Perante a gravidade das crises existentes, o silêncio é um erro imperdoável. Basta voltar a ler a Carta das Nações Unidas e ter presente que o planeta se transformou numa aldeia partilhada por todos. Quem exerce funções de responsabilidade, e acredita no valor da dignidade das pessoas, não pode ficar mudo perante a violência dos agressores, a miséria de meio mundo e a destruição do meio ambiente e da vida futura na Terra. Esse é o critério absoluto que define a qualidade da liderança, quer se trate de um novo Papa, um novo Chanceler, ou de qualquer outro responsável com poder – e o poder tem muitas facetas, incluindo o acesso ou não à comunicação social.

A liderança só tem sentido se for exercida na fronteira da vida, na linha da frente que diz não aos ditadores, aos corruptos e aos narcisistas.
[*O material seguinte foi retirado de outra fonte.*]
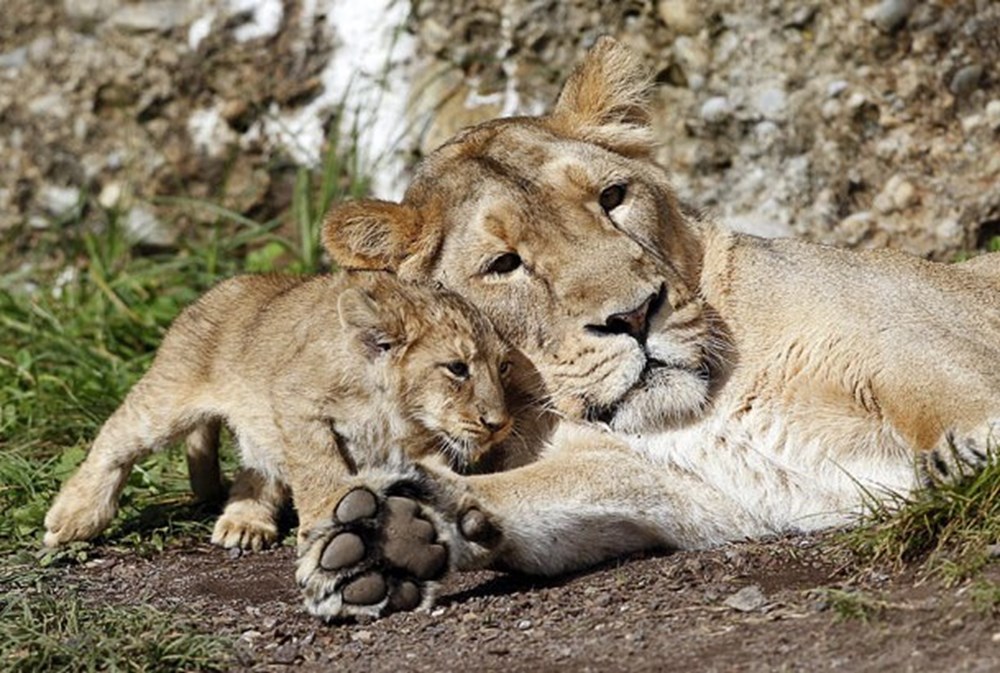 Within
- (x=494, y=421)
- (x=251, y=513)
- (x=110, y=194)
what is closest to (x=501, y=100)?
(x=110, y=194)

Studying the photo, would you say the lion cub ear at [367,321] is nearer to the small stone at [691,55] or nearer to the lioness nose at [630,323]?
the lioness nose at [630,323]

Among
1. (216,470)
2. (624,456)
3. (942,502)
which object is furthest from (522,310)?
(216,470)

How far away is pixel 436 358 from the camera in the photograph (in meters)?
4.94

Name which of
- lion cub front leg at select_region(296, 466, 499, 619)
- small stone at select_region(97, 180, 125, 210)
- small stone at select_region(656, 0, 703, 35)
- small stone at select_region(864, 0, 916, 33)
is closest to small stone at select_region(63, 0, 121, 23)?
small stone at select_region(97, 180, 125, 210)

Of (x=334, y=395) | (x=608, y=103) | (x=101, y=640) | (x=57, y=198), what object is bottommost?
(x=57, y=198)

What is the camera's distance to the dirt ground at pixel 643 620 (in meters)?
3.82

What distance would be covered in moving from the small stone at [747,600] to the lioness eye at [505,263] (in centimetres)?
114

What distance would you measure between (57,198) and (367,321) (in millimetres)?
3947

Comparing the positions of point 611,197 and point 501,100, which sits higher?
point 611,197

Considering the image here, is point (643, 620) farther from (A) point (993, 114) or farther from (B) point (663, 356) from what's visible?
(A) point (993, 114)

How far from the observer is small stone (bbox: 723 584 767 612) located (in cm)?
423

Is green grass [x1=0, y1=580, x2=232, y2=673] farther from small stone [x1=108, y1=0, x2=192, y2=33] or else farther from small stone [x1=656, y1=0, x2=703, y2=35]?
small stone [x1=108, y1=0, x2=192, y2=33]

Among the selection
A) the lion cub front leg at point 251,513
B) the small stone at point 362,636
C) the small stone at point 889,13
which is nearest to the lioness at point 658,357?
the small stone at point 362,636

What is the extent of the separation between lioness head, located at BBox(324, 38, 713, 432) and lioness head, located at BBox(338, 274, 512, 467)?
0.10 m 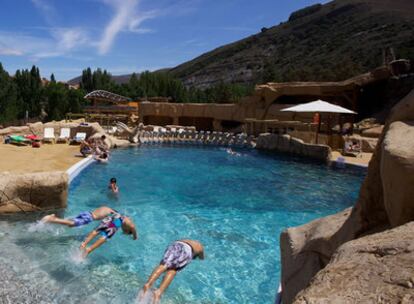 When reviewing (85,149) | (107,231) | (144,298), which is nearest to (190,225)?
(107,231)

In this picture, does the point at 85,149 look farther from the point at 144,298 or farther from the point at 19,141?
the point at 144,298

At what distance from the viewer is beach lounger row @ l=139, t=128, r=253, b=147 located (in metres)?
21.9

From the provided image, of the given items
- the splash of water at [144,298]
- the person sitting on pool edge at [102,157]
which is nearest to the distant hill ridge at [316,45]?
the person sitting on pool edge at [102,157]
Gostaria que essa fosse a linha diretriz que guiasse Roma, Nova Iorque, Bruxelas, Genebra, Adis Abeba e outras partes do mundo, onde se acredita na democracia, na cooperação entre os países e numa solução cooperativa para os problemas globais. Claro que deveria ser igualmente válida em Beijing, Moscovo e Washington – e essa aspiração não pode ser vista como impossível.

A Assembleia Geral das Nações Unidas poderá ser comparada, embora imperfeitamente, ao Conclave de Roma. Deve ter como objetivo fundamental a globalização da solidariedade. Ou, dito de outra maneira, promover o progresso e evitar a competição desregulada entre os Estados.

Os defensores da teoria do realismo político pertencem ao passado. As armas e a tecnologia de hoje já não permitem essa opção. Com a capacidade destrutiva que existe atualmente, essa teoria levaria pura e simplesmente à multiplicação de tragédias como a de Gaza e a crimes de agressão, como acontece há anos na Ucrânia. Quem pensa nas relações internacionais em termos de força finge não perceber o mundo em que nos encontramos. Ou então, acredita que o nosso planeta só serve para o benefício de umas dúzias de privilegiados.

Nesse contexto, o Conclave em Roma e outros esforços conjuntos de boa vontade devem ter como objetivo compreender, explicar e resolver os desafios atuais. Assim se barra o passo e expulsa do poder os retrógrados, os criminosos políticos e os utopistas do infantilismo social, e se reforça o equilíbrio, o bom-senso e o respeito pelos valores universais e pela paz.

Conselheiro em segurança internacional.